Could the listing below be returned exactly, with its pictures left out?

● **EXERCISE DATA**:
>>>>>
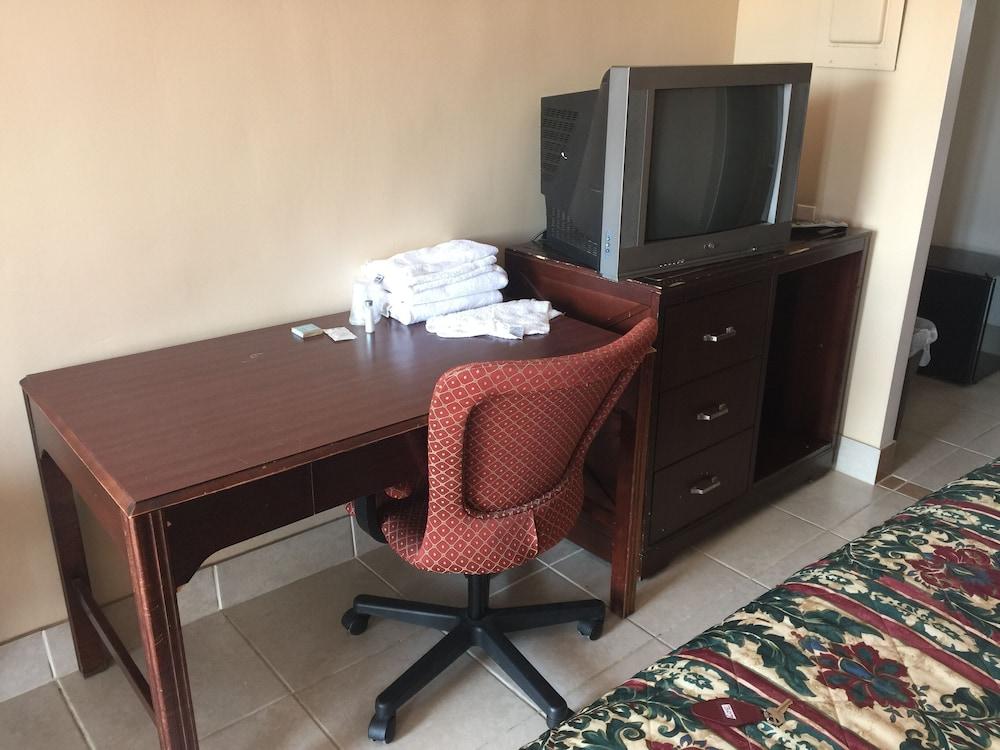 Cloud 9 Inn photo 3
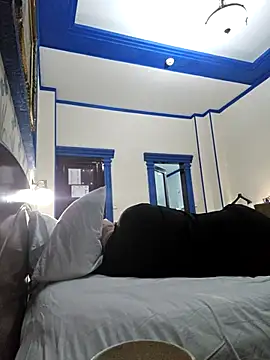 sk8brd_snwbrd_no_snitch's cam snapshot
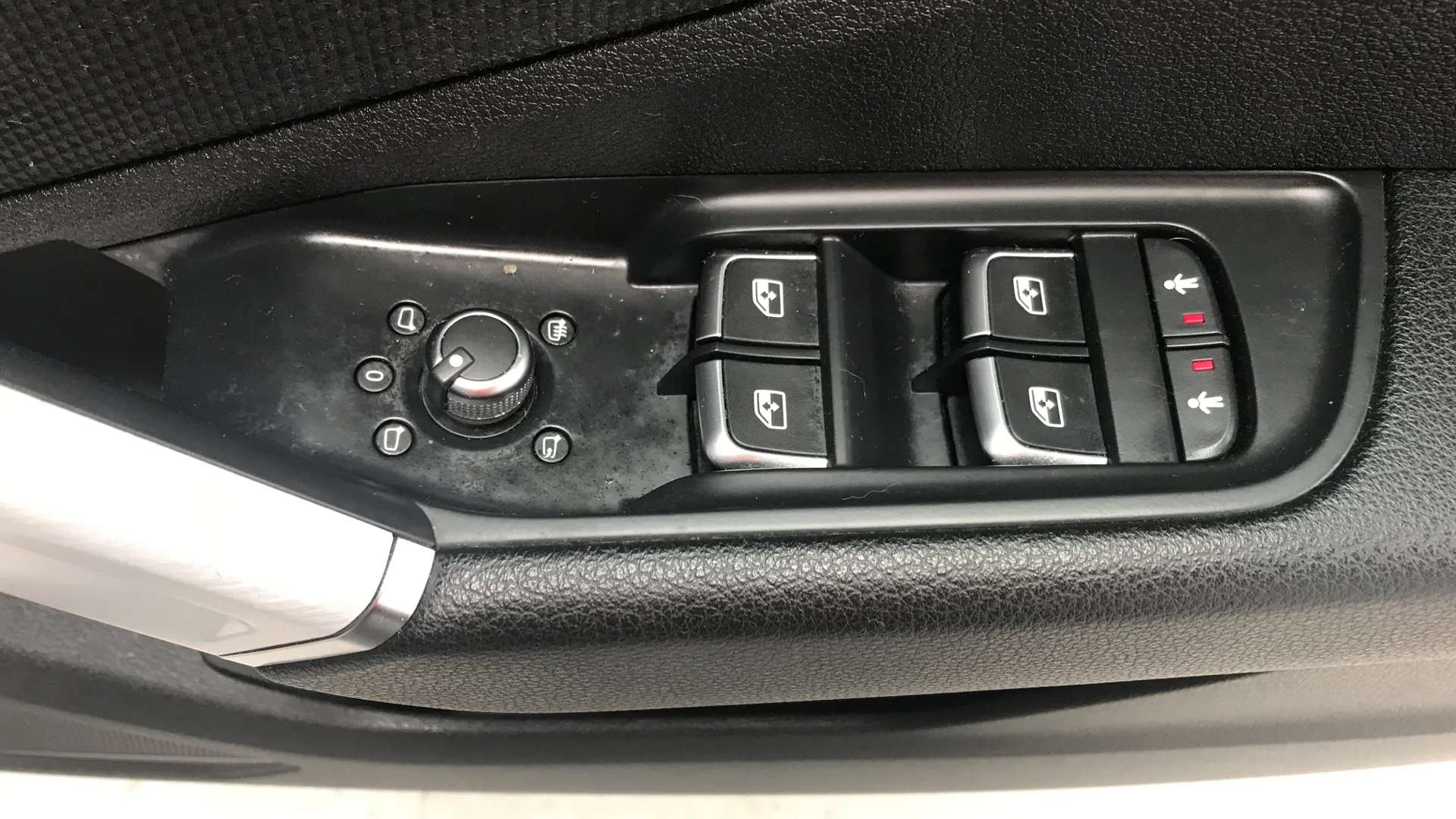 2021 AUDI Q2 2021 AUDI Q2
<<<<<
● **PROBLEM SOLUTION**:
 Cloud 9 Inn photo 3
 sk8brd_snwbrd_no_snitch's cam snapshot
 2021 AUDI Q2 2021 AUDI Q2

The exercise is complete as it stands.